Coping with Your Child’s First Crush
Melanie’s son is in the sixth grade. He is pretty typical for his age. Recently she noticed that he had written a girl’s name all over his school notebook and has assumed he has a “crush” on someone.
Should she herself have a dialogue with her son about girls and related sexual topics? She prides herself on being progressive and is vested in him behaving towards girls as a sensitive guy. It appears that he’s gone from the “yuck” stage about girls to the “hmmmm” stage without her realizing it.
Even though this issue is one of the most embarrassing and tricky ones to tackle, it is very important for parents to figure out ways to offer their perspectives and support. Here are some things to keep in mind when diving into the world of crushes and the emotional roller coasters they often bring.
Getting a good connection with a child this age often takes a great deal of time and patience. If you are going to try to talk to your child about a crush you have to spend a fair amount of time doing other things before broaching the topic. Hanging out in their room, listening to their music, watching a movie or playing a computer or video game that they like (even if you have no interest in it) can go a long way towards better understanding between you and your child.

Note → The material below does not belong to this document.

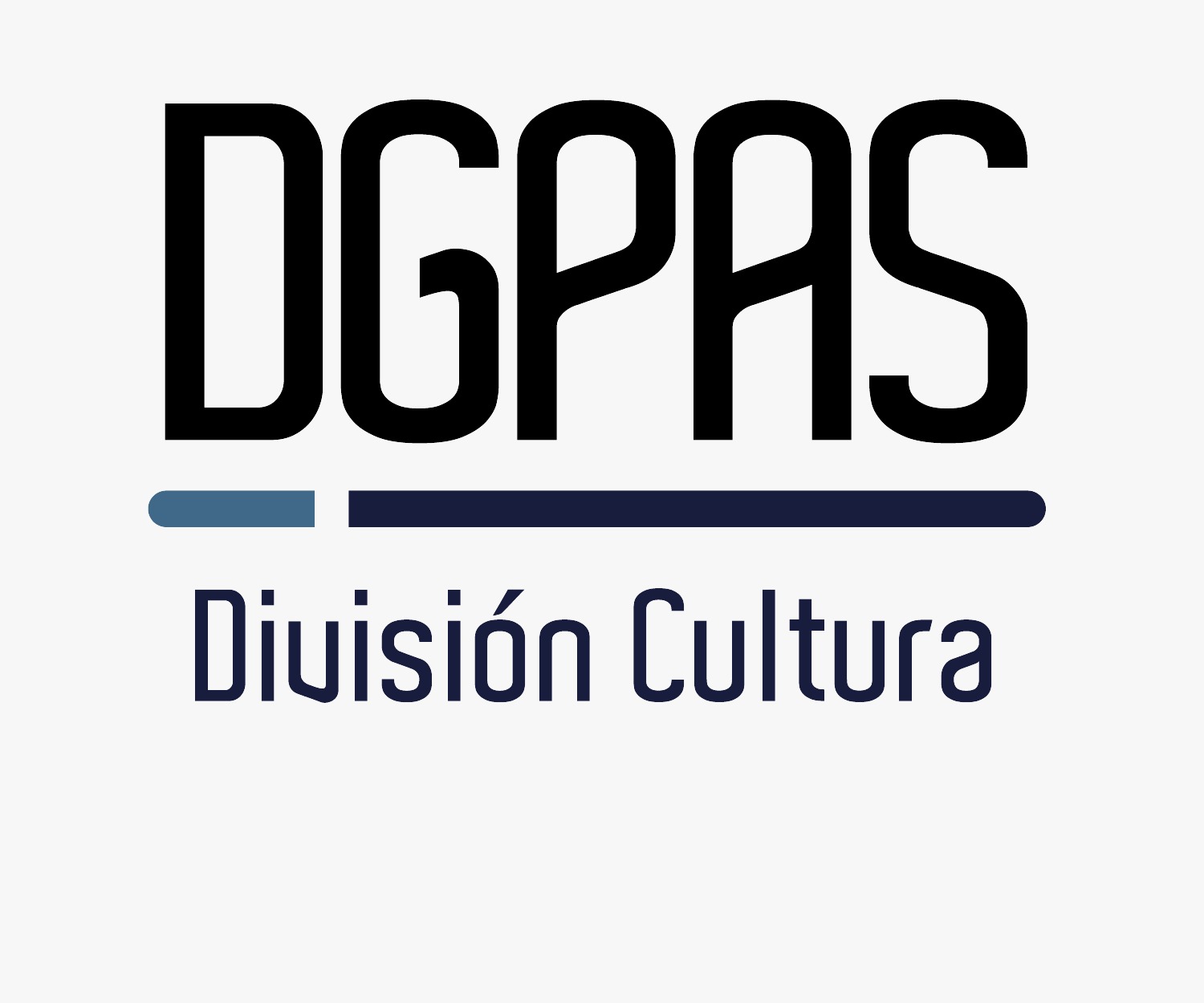 División Cultura de la IDR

When you feel like you both are liking each other’s company (that sometimes can take a while) try to bring up the topic in a casual way (i.e. I noticed you have _______’s name on your notebook, or ______ seems like a pretty nice person). The response you get will probably not be casual, it may well be a “hey that’s forbidden territory” or “I don’t want to talk about it” kind of reaction..

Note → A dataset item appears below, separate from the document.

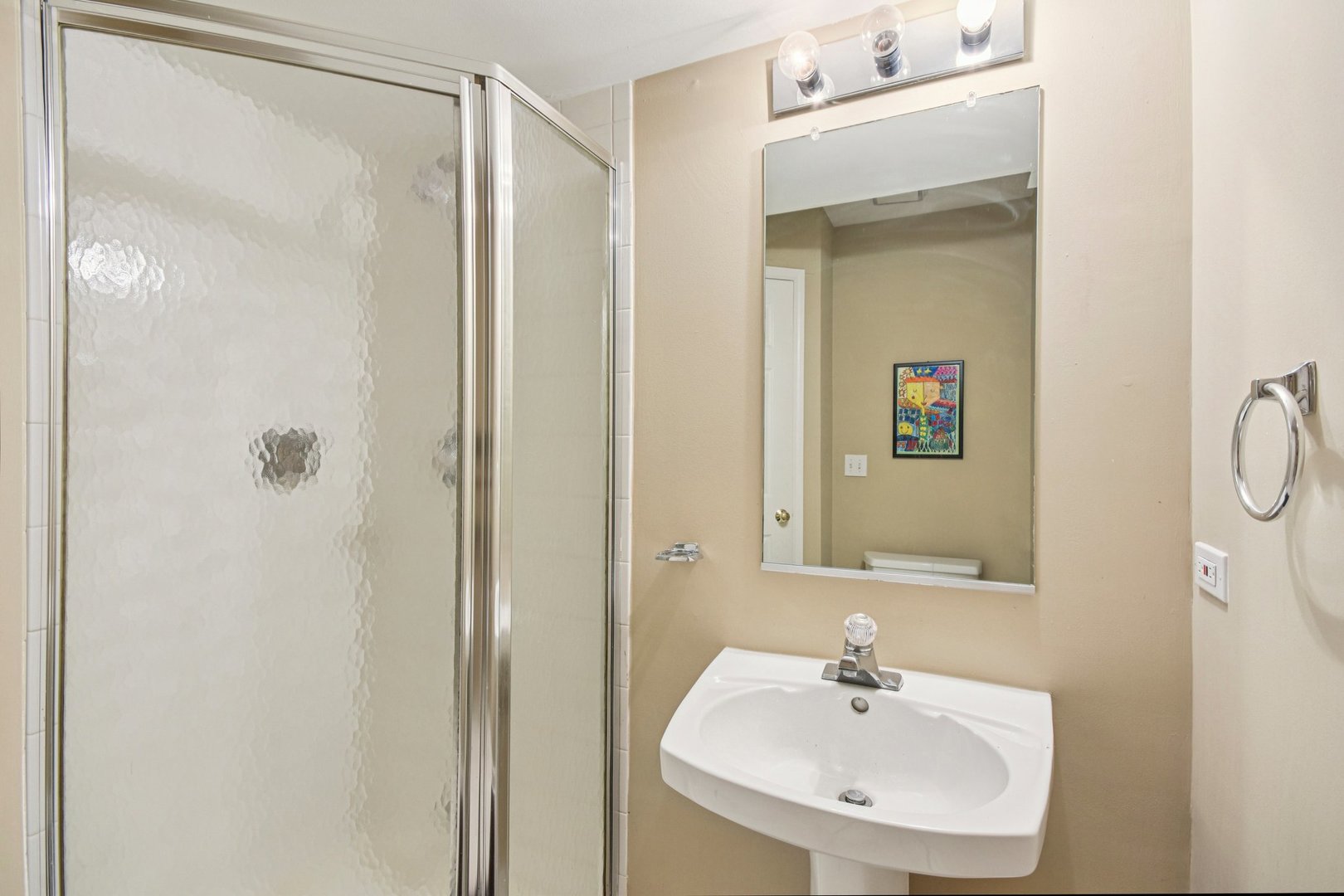 241 E Parallel Street #1A, Palatine, IL 60067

At this point you will have to use your judgment, you can either keep trying or drop the topic for now. Either way your child now knows you are noticing that VERY important things are happening in their life and you care about them. They wish you didn’t know anything and at the same time are desperate for your shoulder to lean on. Confusing mixed messages for everyone involved but all part of the growing process.
If you feel it might be a good time to broach the topic again (enough time has passed since your last attempt, or you can sense there is a lot happening in your child’s life) a very good time to bring up sensitive issues is when traveling to and from places. It is often nice to have company when going somewhere and there is also something extremely reassuring about travel time having a beginning, an end, and movement, nice things for both parent and teens.

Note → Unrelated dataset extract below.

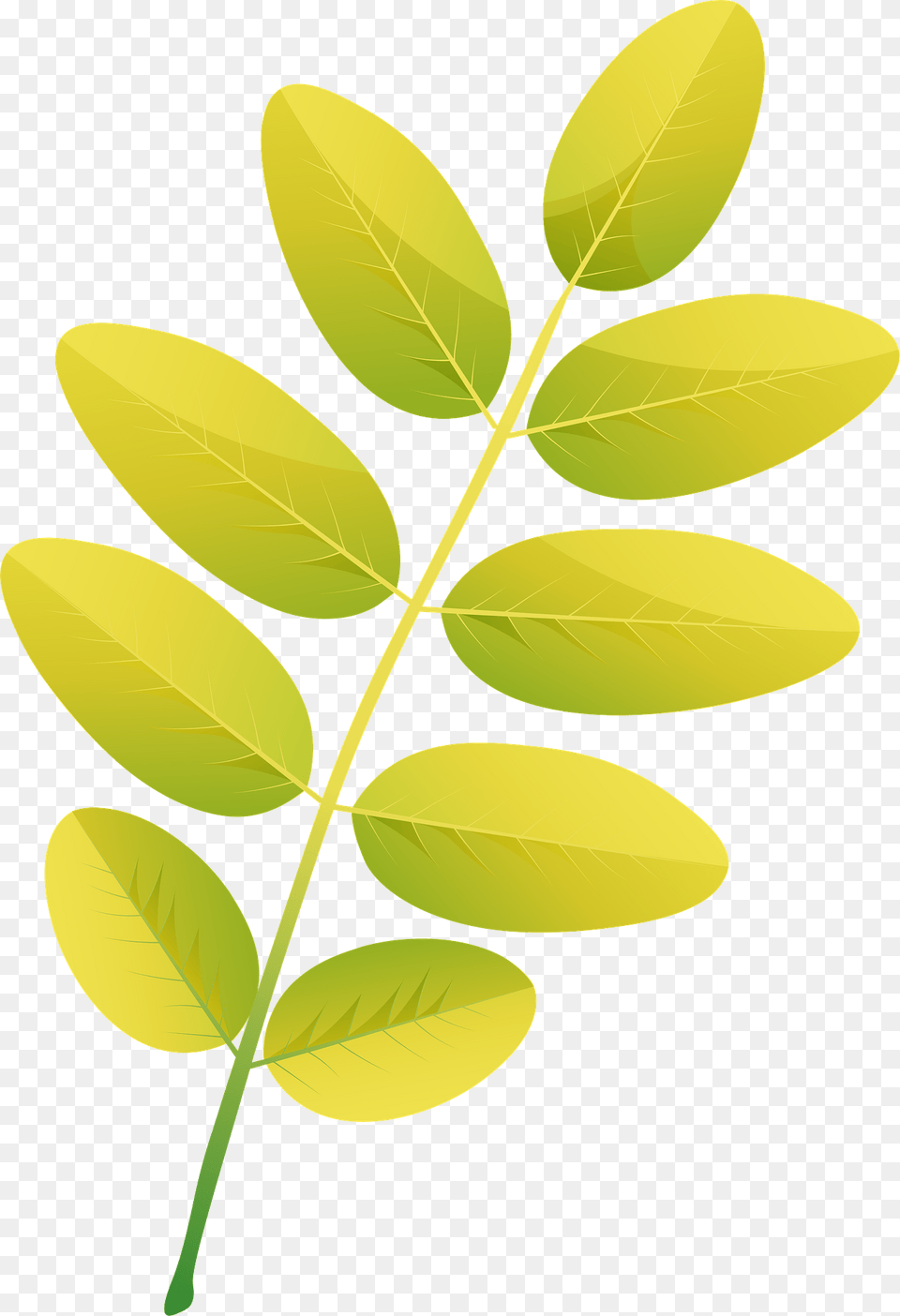 Pagoda Tree Autumn Leaf Clipart, Plant, Astragalus, Flower, Herbal Free Png Download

Some of the most fruitful talks I have had with my teenagers have been on the way to and from different activities. If you are lucky enough to have a car and you are in the middle of a good conversation always remember to take the very long route to lengthen the amount of time you have together.
Once your child starts talking about relationships (or anything else) remember to be quiet and listen. Don’t interrupt them to give them important tips, correct them or tell them about what you would do in that situation. Let them finish what they have to say before offering your opinions. Your opinions are very important but you need to talk much less that they do. Giving your child a chance to talk can really help them figure things out. By this time they know all of your opinions anyway, casual reminders go a lot farther than long winded frustrated lectures. If they think they have your ear they will want to use it much more.
Crushes and relationships are an important part of every teen’s life and any help you offer will make a big difference to them. In fact all the little attempts you make to let your child know you are there for them and interested in their life will pay off one day. If you are successful in making inroads into the pockets of teen embarrassment and emotion (no small accomplishment), I can almost guarantee that the conversation they will finally decide to have with you will be very late at night on your hardest work day of the year. Just when you crawl into bed exhausted they will knock on the door wanting to talk. As hard as it is, stay awake as much as you can and listen. They will suddenly talk much more than you thought possible and your support will be worth its weight in gold.
In helping your child to be “sensitive”, probably the hardest thing for you to realize is that the relationships your children have will mirror your own relationships. This is a good time for you to model sensitivity; with your children, your friends and your partner. If your partner is also respectful and helpful in your direction your children will be much more likely to find a similar kind of relationship. As much as teenagers look like they don’t care about what you do or how you behave, they are really watching your every move. If you are kind and considerate towards your child and others it will be the best way to help them be the same.
This time in a child’s life is challenging, emotional and full of promise and excitement. If parents can remember that they play an invaluable role in making it go well, things are easier for everyone. Welcome to the world of adolescents.